Weit entfernt von Schwarzers Marktgeschrei
Noch unsicherer wird es bei der Zwangsprostitution, schon weil die Definitionen mehr als verschwommen bleiben. Bezüglich des »Menschenhandels zum Zwecke der sexuellen Ausbeutung« berichtet das Bundeskriminalamt für das Jahr 2011 von 640 ermittelten Opfern (94 Prozent Frauen).
Selbstverständlich gibt es eine Dunkelziffer und jede einzelne mit Gewalt zur Prostitution gezwungene Person ist eine zu viel, aber diese Zahlen sind doch weit entfernt von dem Marktgeschrei Alice Schwarzers.
Wirtschaftlicher Zwang
Der allererste Zwang, der Frauen in die Prostitution treibt, ist ein ökonomischer. Wenn von osteuropäischen Frauen die Rede ist, die in deutsche Städte drängen, dann handelt es sich um die Opfer der Wirtschaftskrise, des europäischen Markts, der mit neoliberaler Politik erzwungenen Massenarbeitslosigkeit. Mit Blick auf Roma, die in Bulgarien oder Rumänien zu neunzig Prozent arbeitslos in Gettos ohne Infrastruktur leben müssen, handelt es sich zusätzlich um Opfer eines manifesten und immer bedrohlicher werdenden Rassismus.
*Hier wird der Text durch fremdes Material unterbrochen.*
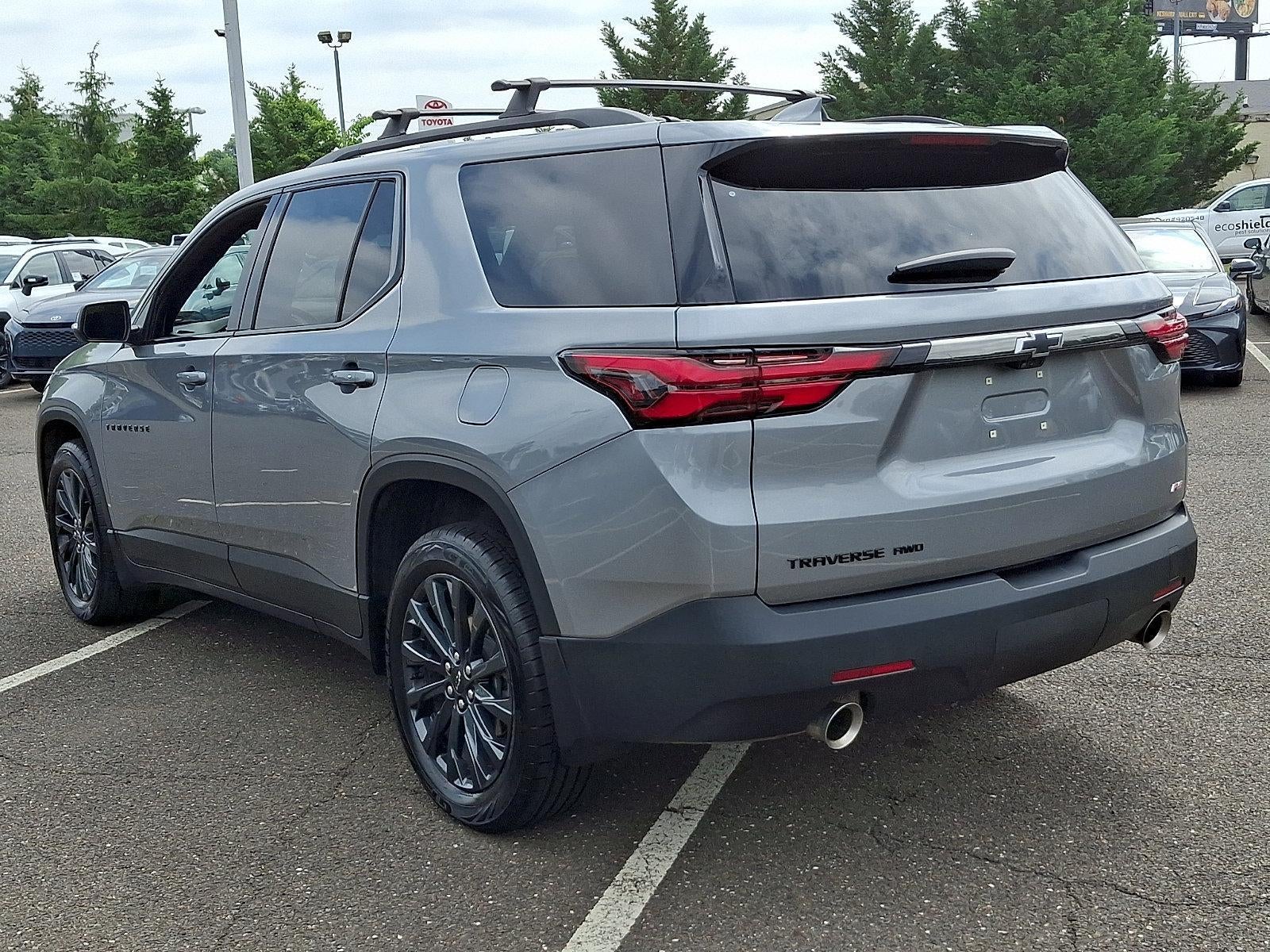 2023 Chevrolet Traverse AWD 2LT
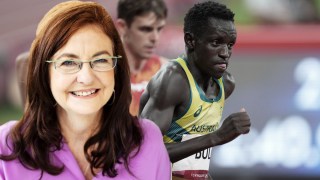 Peter Bol Tokyo Olympics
Aber auch hier in Deutschland steigt mit der Verarmung durch Arbeitslosigkeit und Hartz IV der Druck, sich zu prostituieren. So gesehen sind die ersten Zuhälter die Erzeuger der wirtschaftlichen Not. Dem ökonomischen Zwang zu begegnen, hieße Ausbildung und Arbeitsplätze zu schaffen, die ein menschenwürdiges Leben ermöglichen. Dazu schweigen Alice Schwarzer, CDU und SPD.
Schon Lenin spottete
Neu ist diese Heuchelei nicht. Der russische Revolutionär Wladimir Lenin berichtete mit beißendem Spott schon im Jahr 1913 von dem Fünften Internationalen Kongress für den Kampf gegen die Prostitution:
»Herzoginnen waren dort aufmarschiert, Gräfinnen, Bischöfe, Pastoren, Rabbiner, Polizeibeamte und alle Sorten bürgerlicher Philanthropen! Welches aber waren die Kampfmittel, die von den vornehmen bürgerlichen Kongressdelegierten gefordert wurden? Religion und Polizei. Eine Dame aus Kanada sprach entzückt von der Polizei und der weiblichen Polizeiaufsicht über die »gefallenen« Mädchen, in Bezug auf die Erhöhung der Arbeitslöhne aber bemerkte sie, dass die Arbeiterinnen höhere Löhne nicht wert seien.«
Gegenappell für Prostitution
Als Antwort auf Alice Schwarzers »Appell gegen Prostitution« wurde nun der »Appell für Prostitution« veröffentlicht – herausgegeben von dem Berufsverband erotische und sexuelle Dienstleistungen und inzwischen unterzeichnet von rund 1.000 Personen – diesmal vielen Bordellbesitzern, Sexarbeiterinnen und Sexarbeitern, einigen Mitgliedern der LINKEN und der SPD. Zu Recht wenden sich die Unterzeichner gegen die Diskriminierung von Prostitution, gegen Repression und Kriminalisierung.
Jeder repressive Eingriff in die Prostitution schafft erst die Möglichkeit der Ausübung direkten Zwangs: Die Einrichtung von Sperrbezirken und Sperrzeiten drängt Frauen in unsichtbare Bereiche, macht sie abhängig von Bordellen und Zuhältern und setzt sie viel eher gewalttätigen Übergriffen und gesundheitlicher Gefährdung aus.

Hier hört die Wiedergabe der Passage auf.